▼
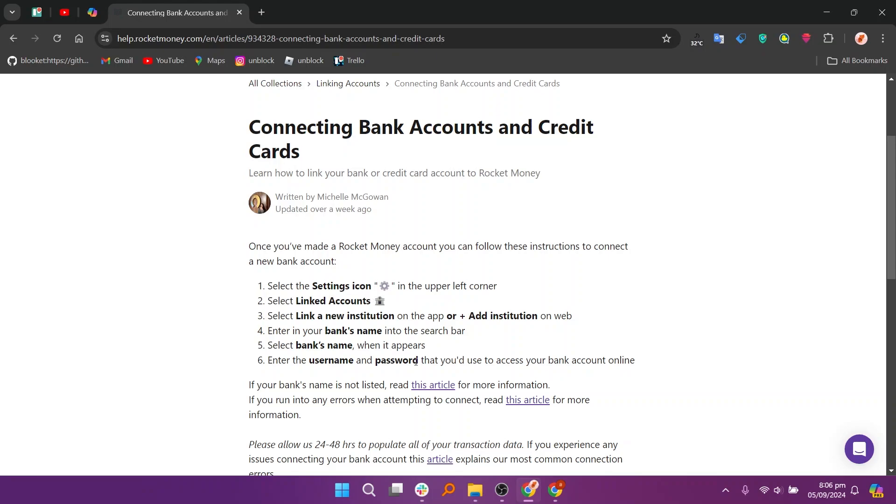If your bank's name is not listed, read this article for more information. If you run into any errors when attempting to connect, read this article for more information.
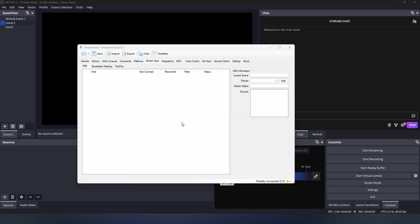To use WebSocket in a version of OBS 28 or above, you will need to install WebSocket 4.9 Compact. There will be a link in the description for it, but it installs like any other plugin.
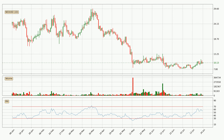Looking at the daily relative strength index, the current daily RSI is at 56, so there are currently no signs of the crypto being overbought or oversold.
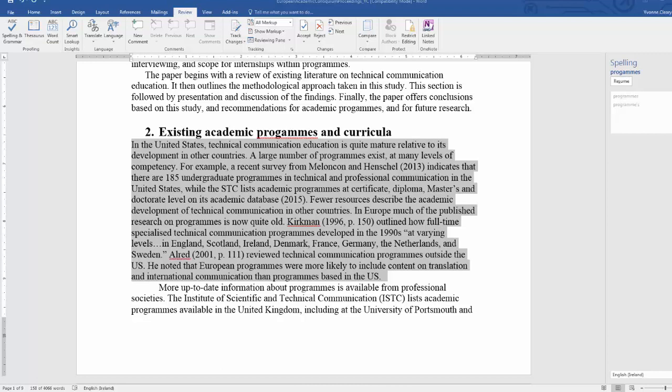In this short presentation we look at how to calculate readability statistics for a piece of your own writing using Microsoft Word version 2016.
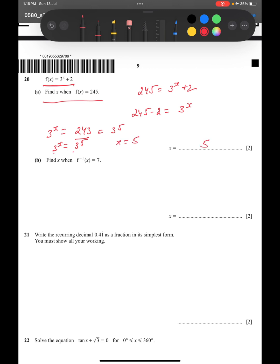So x equals 5 — that's the final answer for part (a). Now for part (b): find x when f inverse of x equals 7.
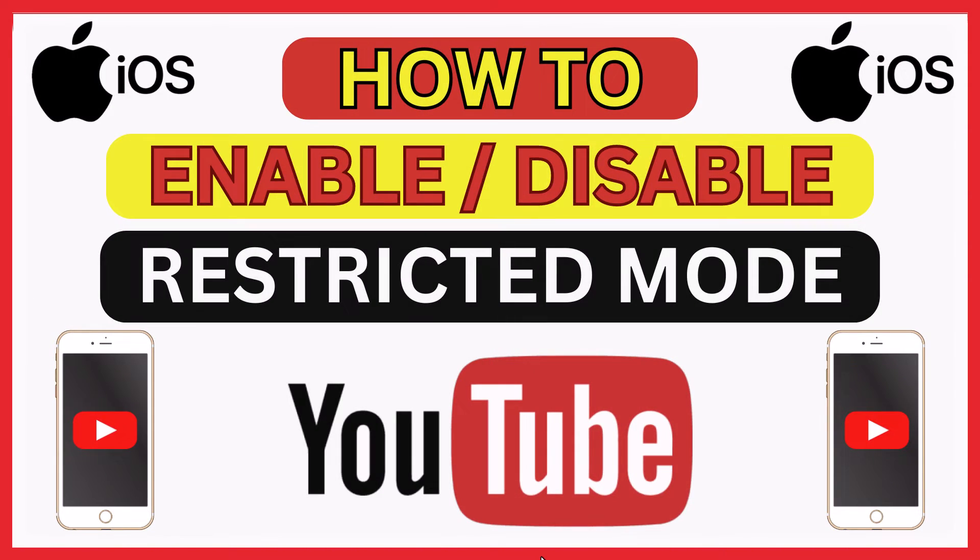This is going to be a video tutorial on how to enable or disable restricted mode on the YouTube app using an iOS device.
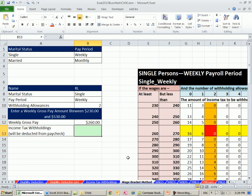Now what happens is if you're single or married or there's other categories that you could have here also, there's also the potential of having weekly, biweekly, semi-monthly, monthly, quarterly.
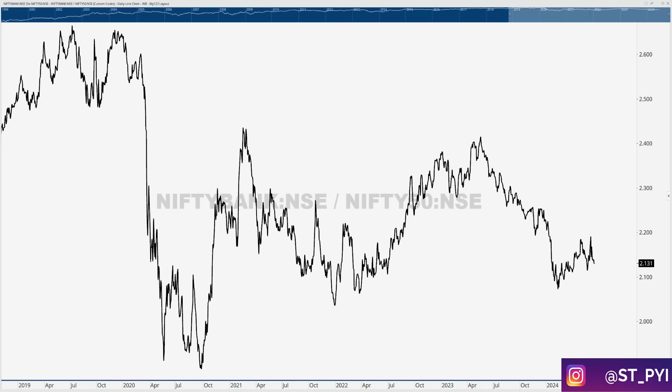Welcome back to another weekly episode. Now that the general election is over, the volatility played out and shook out a lot of short-term players in the market, more so in the derivative segment. Now we are again starting to see markets performing really well in line with what was going on before the general elections.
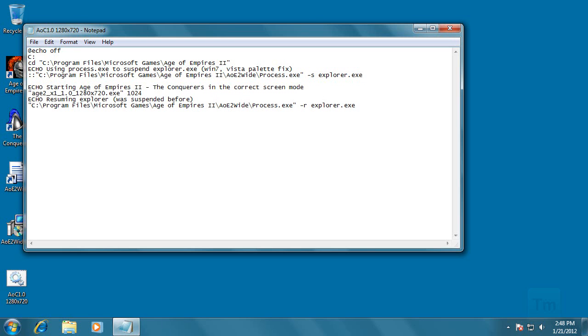I am going to have it in the description as well, so that you can just copy and paste it. It should be taskkill slash f slash im explorer dot exe.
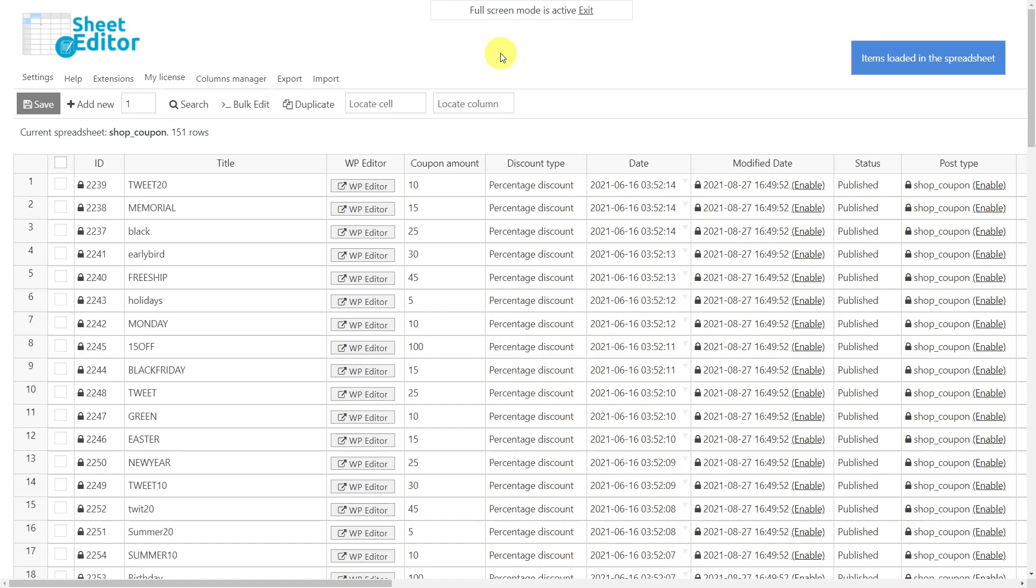You'll find the link to download the plugin in the description of this video, as well as the link to see our written guide.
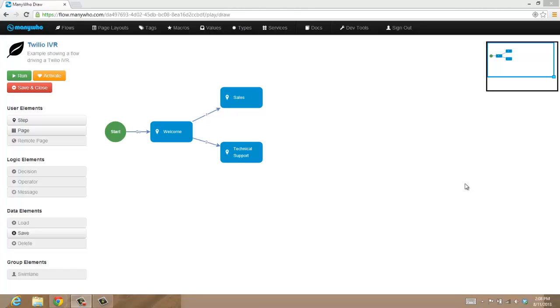Hi, I'm Steve Wood from ManyWho, and in this example I'm going to show you how we're using ManyWho to drive an IVR process with a customer.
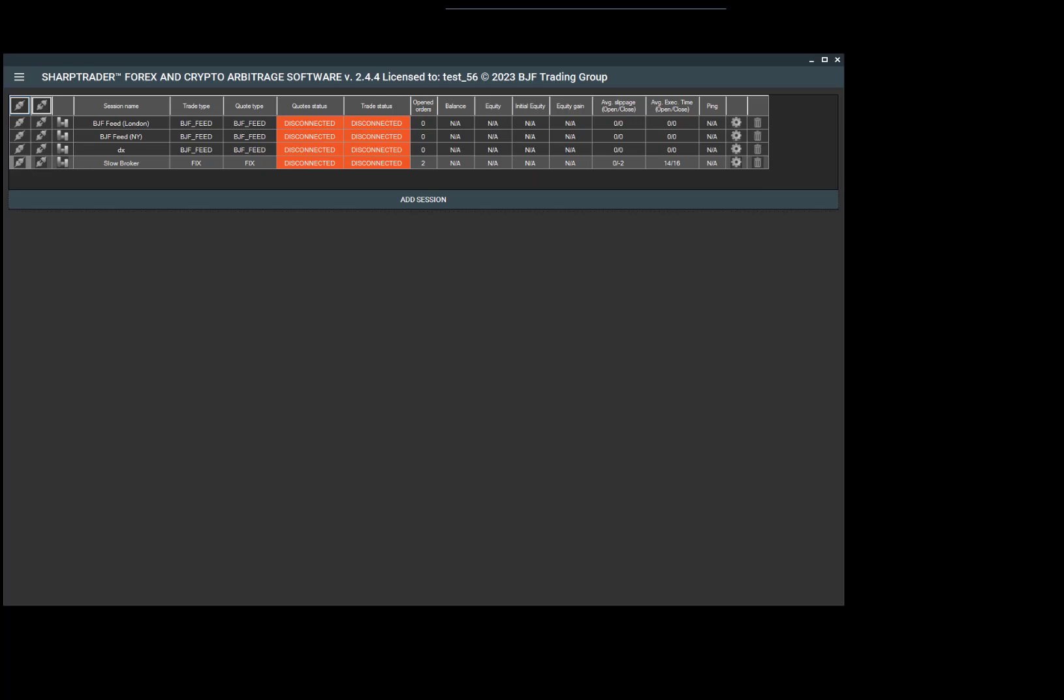Hello everyone, today I would like to tell you about a tool in SharpTrader which allows you to analyze and compare ticks from different feeds and brokers.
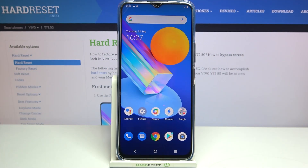Hi everyone, in front of me I've got the Vivo Y72 5G and let me share with you how to change the wallpaper on this device.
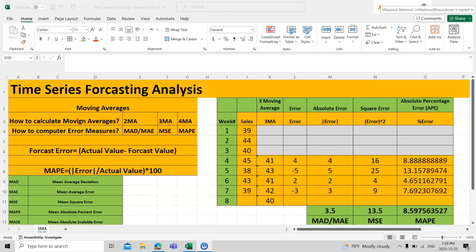Today we will talk about how we can do forecasting for time series. Time series are those variables where time is involved, either in days, weeks, years, or quarterly. When on one axis we have time and on the other axis we have commodities like sales and purchases, that is called a time series.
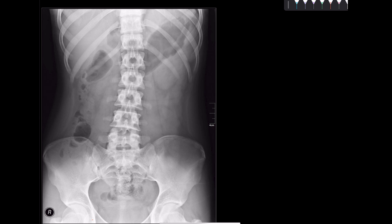Dear viewers, today we will be learning about interpretation of an x-ray abdomen — how to approach the abdominal x-ray. It is essential to have a structured approach when examining an abdominal x-ray. This ensures that all aspects of the image are assessed in a comprehensive manner, and the acquired information can then be integrated into the clinical scenario to proceed to a logical diagnosis.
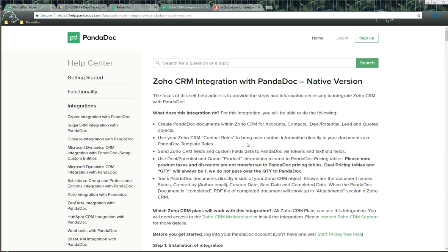This is the Zoho CRM native integration with Pandoc — a fantastic integration that many of our clients have been using with Zoho for a very long time. This is the next version of Pandoc for Zoho, enabling a great workflow to get documents sent out very quickly. If you have any additional questions or concerns, please log in to your Pandoc account and use the green help button found on the bottom right-hand side to reach out to us. Thank you so much for checking out this video — have a fantastic day!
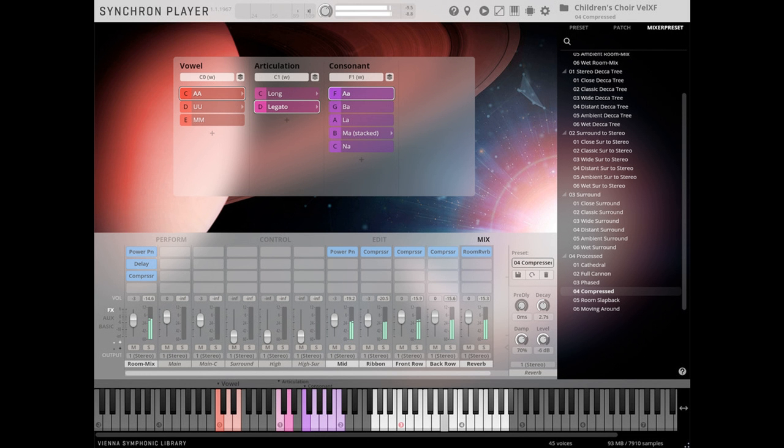Welcome to Music Gears, where we bring you the latest info on new music instruments, software, and other gear from around the world.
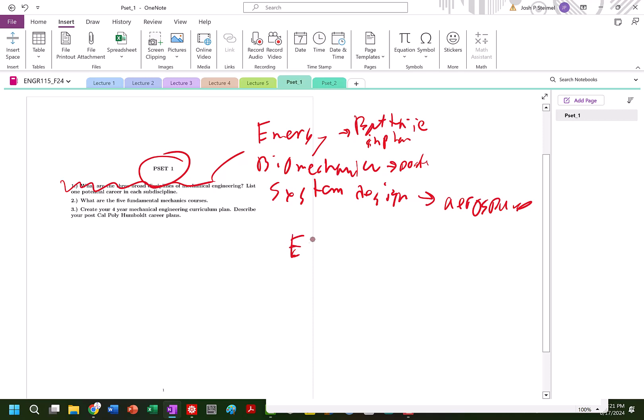ENGR 210 is statics. 330 is material science and engineering. 333 is fluid mechanics. 331 is thermodynamics.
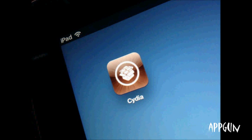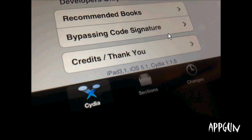I'll leave a link to that video in the description. Here we have a closer look at the jailbreak — as you can see it says iPad 3.1, iOS 5.1, Cydia version 1.1.5. And as you can see, as you probably would expect if you're jailbroken, there's Cydia on the bottom with sections, changes, manage, and search.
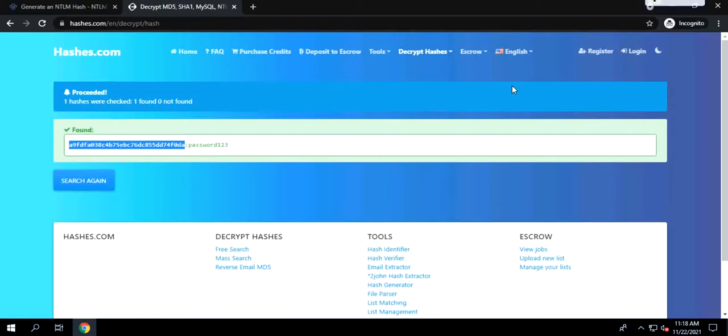To an extent, NTLM has a lot of security issues, but it's still widely used in the Windows authentication world. Make sure you have your Active Directory Kerberos mode. Active Directory authentication using Kerberos because Kerberos is more stronger authentication than the NTLM.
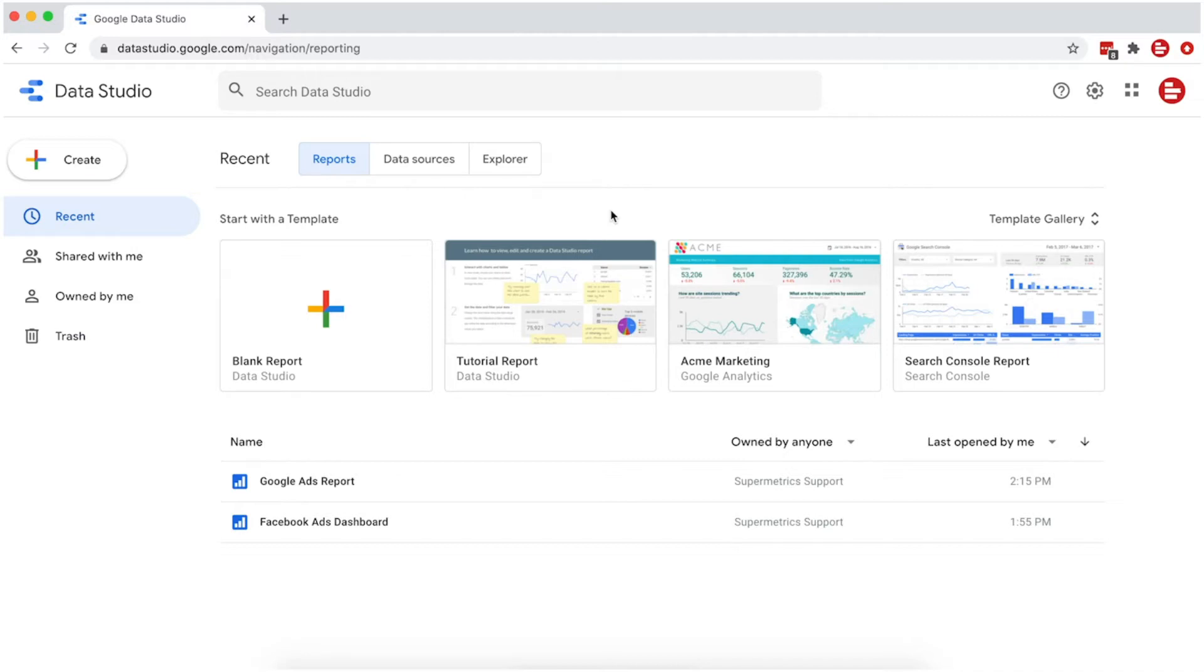The connector allows you to combine data from Google Analytics, as well as Facebook, Twitter, LinkedIn, Microsoft, and Google Ads.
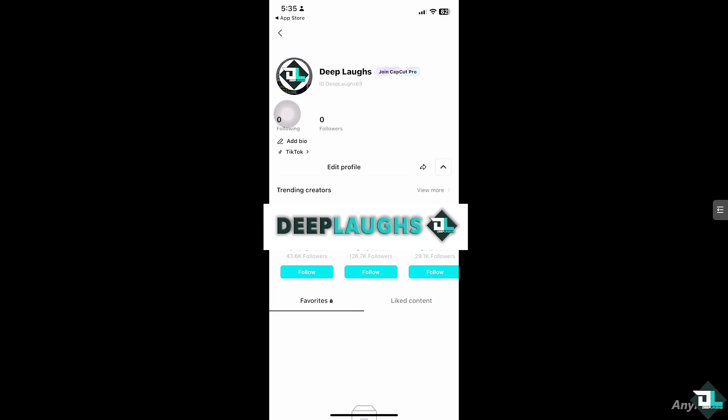Here you can see that is your CapCut ID. My CapCut ID is 'DeepLaughs69.' You can use that, for example, if you reach out to CapCut support for issues related to your account — they may ask for your CapCut ID to provide assistance. Or if your CapCut ID is linked to TikTok, you can sync your projects and preferences across devices by logging in with the same ID.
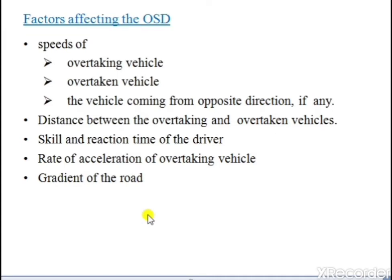The distance between the overtaking vehicle and overtaken vehicle should be minimum, otherwise it may lead to collision. The reaction time of the driver should be quick. If there is an increase in the acceleration rate of the overtaking vehicle, the time taken to overtake the slow-moving vehicle will be less. If the gradient is steep, the overtaking vehicle's ability is reduced and the time taken to overtake will be more.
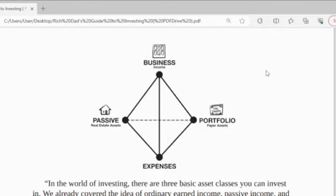Hello guys and ladies, welcome back to Ad Your Book. We continue our lesson relevant to the book entitled Rich Dad's Guide to Investing.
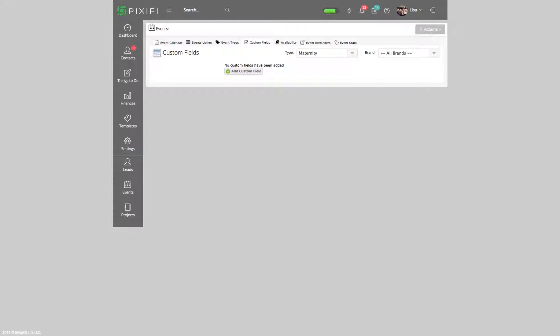Hopefully that helps you and gives you a better understanding of how to set up custom fields based on your event type. As always, subscribe to this channel for more tips and tricks. If you haven't decided to try Pixifi yet, I encourage you to try it out. Talk to you next time, bye!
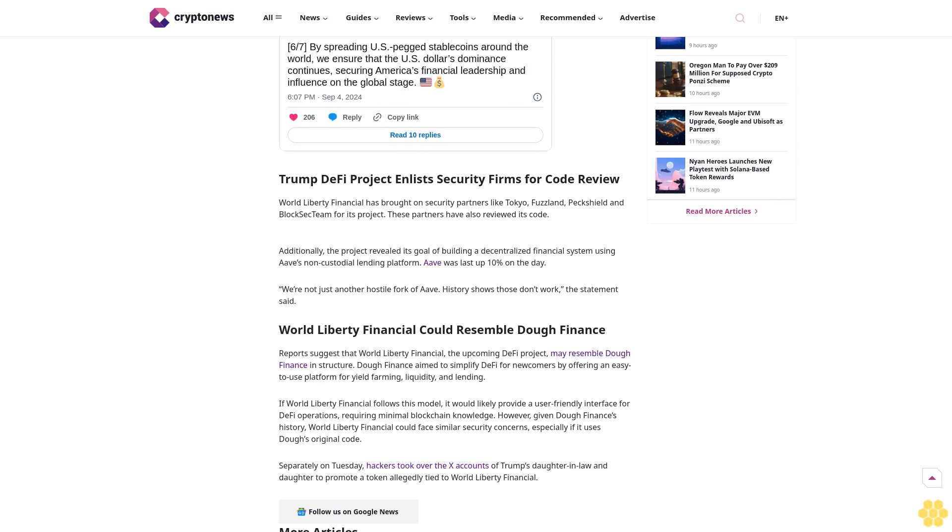The U.S. dollar has been the backbone of global finance for decades, but it's now under attack by foreign nation states, it said. By spreading U.S. pegged stablecoins around the world, we ensure that the U.S. dollar's dominance continues, securing America's financial leadership and influence on the global stage, the team added.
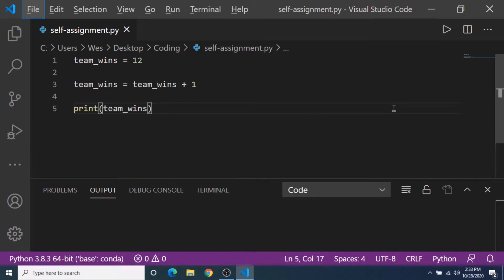Let's take a look at a new concept called self-assignment and it's how variables can keep track of the data within them.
▲
EXERCISE:
Give the listing again in full, exactly as it is, but without its images.

FINAL ANSWER:
If your bank's name is not listed, read this article for more information. If you run into any errors when attempting to connect, read this article for more information.
To use WebSocket in a version of OBS 28 or above, you will need to install WebSocket 4.9 Compact. There will be a link in the description for it, but it installs like any other plugin.
Looking at the daily relative strength index, the current daily RSI is at 56, so there are currently no signs of the crypto being overbought or oversold.
In this short presentation we look at how to calculate readability statistics for a piece of your own writing using Microsoft Word version 2016.
So x equals 5 — that's the final answer for part (a). Now for part (b): find x when f inverse of x equals 7.
This is going to be a video tutorial on how to enable or disable restricted mode on the YouTube app using an iOS device.
Now what happens is if you're single or married or there's other categories that you could have here also, there's also the potential of having weekly, biweekly, semi-monthly, monthly, quarterly.
Welcome back to another weekly episode. Now that the general election is over, the volatility played out and shook out a lot of short-term players in the market, more so in the derivative segment. Now we are again starting to see markets performing really well in line with what was going on before the general elections.
I am going to have it in the description as well, so that you can just copy and paste it. It should be taskkill slash f slash im explorer dot exe.
You'll find the link to download the plugin in the description of this video, as well as the link to see our written guide.
Hi, I'm Steve Wood from ManyWho, and in this example I'm going to show you how we're using ManyWho to drive an IVR process with a customer.
Hello everyone, today I would like to tell you about a tool in SharpTrader which allows you to analyze and compare ticks from different feeds and brokers.
Hi everyone, in front of me I've got the Vivo Y72 5G and let me share with you how to change the wallpaper on this device.
Today we will talk about how we can do forecasting for time series. Time series are those variables where time is involved, either in days, weeks, years, or quarterly. When on one axis we have time and on the other axis we have commodities like sales and purchases, that is called a time series.
Dear viewers, today we will be learning about interpretation of an x-ray abdomen — how to approach the abdominal x-ray. It is essential to have a structured approach when examining an abdominal x-ray. This ensures that all aspects of the image are assessed in a comprehensive manner, and the acquired information can then be integrated into the clinical scenario to proceed to a logical diagnosis.
This is the Zoho CRM native integration with Pandoc — a fantastic integration that many of our clients have been using with Zoho for a very long time. This is the next version of Pandoc for Zoho, enabling a great workflow to get documents sent out very quickly. If you have any additional questions or concerns, please log in to your Pandoc account and use the green help button found on the bottom right-hand side to reach out to us. Thank you so much for checking out this video — have a fantastic day!
Welcome to Music Gears, where we bring you the latest info on new music instruments, software, and other gear from around the world.
ENGR 210 is statics. 330 is material science and engineering. 333 is fluid mechanics. 331 is thermodynamics.
I'll leave a link to that video in the description. Here we have a closer look at the jailbreak — as you can see it says iPad 3.1, iOS 5.1, Cydia version 1.1.5. And as you can see, as you probably would expect if you're jailbroken, there's Cydia on the bottom with sections, changes, manage, and search.
To an extent, NTLM has a lot of security issues, but it's still widely used in the Windows authentication world. Make sure you have your Active Directory Kerberos mode. Active Directory authentication using Kerberos because Kerberos is more stronger authentication than the NTLM.
The connector allows you to combine data from Google Analytics, as well as Facebook, Twitter, LinkedIn, Microsoft, and Google Ads.
Here you can see that is your CapCut ID. My CapCut ID is 'DeepLaughs69.' You can use that, for example, if you reach out to CapCut support for issues related to your account — they may ask for your CapCut ID to provide assistance. Or if your CapCut ID is linked to TikTok, you can sync your projects and preferences across devices by logging in with the same ID.
The distance between the overtaking vehicle and overtaken vehicle should be minimum, otherwise it may lead to collision. The reaction time of the driver should be quick. If there is an increase in the acceleration rate of the overtaking vehicle, the time taken to overtake the slow-moving vehicle will be less. If the gradient is steep, the overtaking vehicle's ability is reduced and the time taken to overtake will be more.
Hello guys and ladies, welcome back to Ad Your Book. We continue our lesson relevant to the book entitled Rich Dad's Guide to Investing.
Hopefully that helps you and gives you a better understanding of how to set up custom fields based on your event type. As always, subscribe to this channel for more tips and tricks. If you haven't decided to try Pixifi yet, I encourage you to try it out. Talk to you next time, bye!
The U.S. dollar has been the backbone of global finance for decades, but it's now under attack by foreign nation states, it said. By spreading U.S. pegged stablecoins around the world, we ensure that the U.S. dollar's dominance continues, securing America's financial leadership and influence on the global stage, the team added.
Let's take a look at a new concept called self-assignment and it's how variables can keep track of the data within them.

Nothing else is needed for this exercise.